■ TASK REQUIREMENTS ■
From the listing below, output the lines between the one with "Detail of white" and the one with "Close-up of a", including those two, and nothing else. Pictures are not copied.

■ THE DATA ■
......

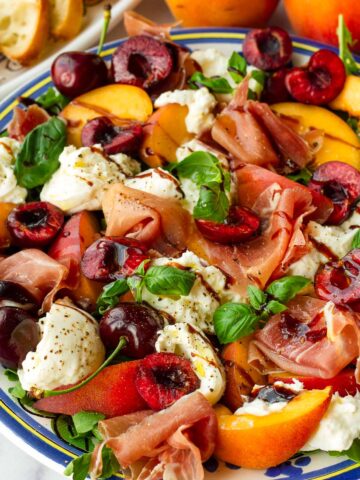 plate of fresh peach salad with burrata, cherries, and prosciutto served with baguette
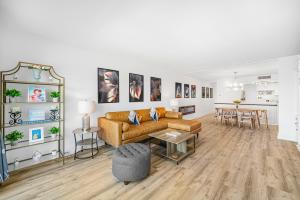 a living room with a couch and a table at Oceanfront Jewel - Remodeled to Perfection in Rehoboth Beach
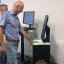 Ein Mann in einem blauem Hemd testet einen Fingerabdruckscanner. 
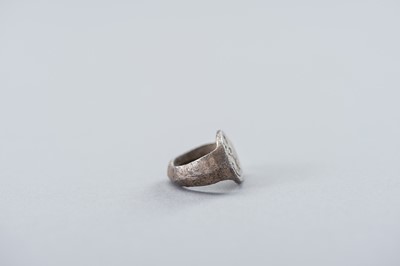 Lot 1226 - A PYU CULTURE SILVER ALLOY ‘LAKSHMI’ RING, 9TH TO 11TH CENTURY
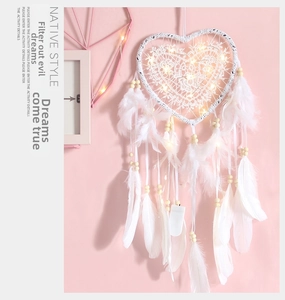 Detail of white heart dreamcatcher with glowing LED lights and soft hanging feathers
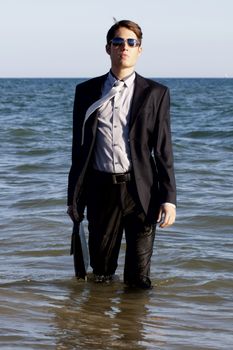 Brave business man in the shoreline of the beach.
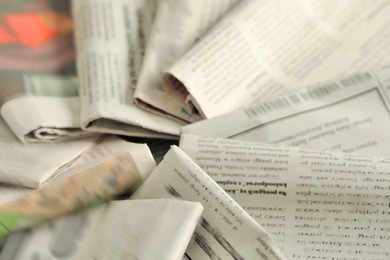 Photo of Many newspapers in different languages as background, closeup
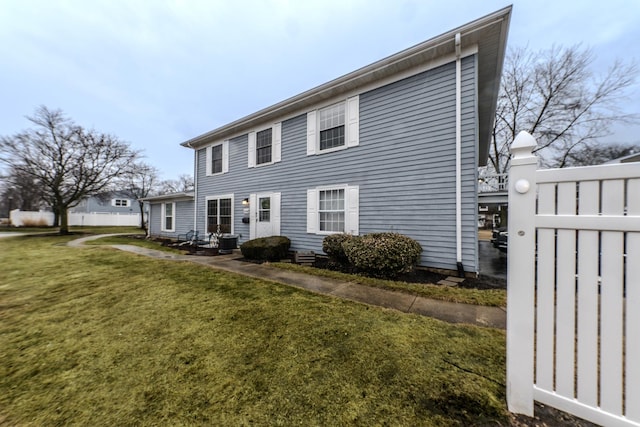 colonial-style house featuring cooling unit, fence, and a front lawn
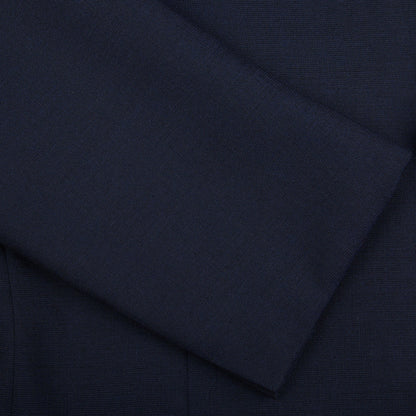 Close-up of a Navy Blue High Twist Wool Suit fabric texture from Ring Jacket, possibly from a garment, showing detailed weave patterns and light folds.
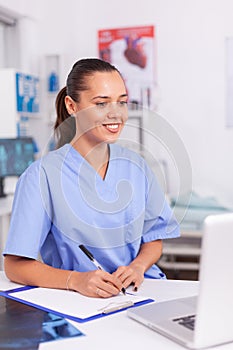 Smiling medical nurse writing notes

......

■ ANSWER SECTION ■
 Detail of white heart dreamcatcher with glowing LED lights and soft hanging feathers
 Brave business man in the shoreline of the beach.
 Photo of Many newspapers in different languages as background, closeup
 colonial-style house featuring cooling unit, fence, and a front lawn
 Close-up of a Navy Blue High Twist Wool Suit fabric texture from Ring Jacket, possibly from a garment, showing detailed weave patterns and light folds.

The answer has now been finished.